BEGIN Provided material
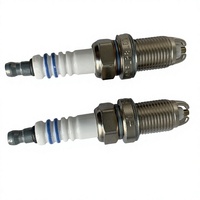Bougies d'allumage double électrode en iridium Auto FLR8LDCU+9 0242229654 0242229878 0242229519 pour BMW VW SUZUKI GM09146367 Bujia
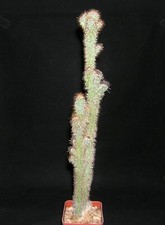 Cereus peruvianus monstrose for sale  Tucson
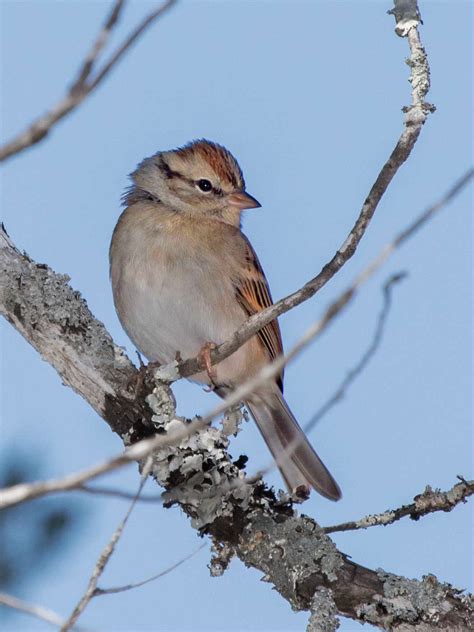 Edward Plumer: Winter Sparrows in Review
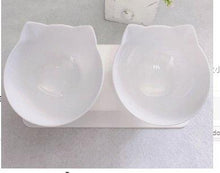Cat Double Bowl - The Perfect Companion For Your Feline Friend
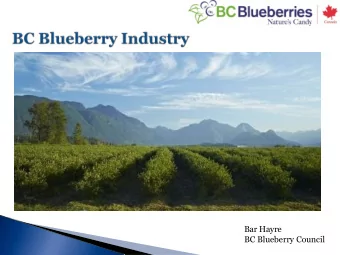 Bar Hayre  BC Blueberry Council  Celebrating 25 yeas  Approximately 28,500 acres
END Provided material
• Aim of the exercise: Output the records above exactly; leave out the pictures.

• The answer:
Bougies d'allumage double électrode en iridium Auto FLR8LDCU+9 0242229654 0242229878 0242229519 pour BMW VW SUZUKI GM09146367 Bujia
 Cereus peruvianus monstrose for sale  Tucson
 Edward Plumer: Winter Sparrows in Review
Cat Double Bowl - The Perfect Companion For Your Feline Friend
 Bar Hayre  BC Blueberry Council  Celebrating 25 yeas  Approximately 28,500 acres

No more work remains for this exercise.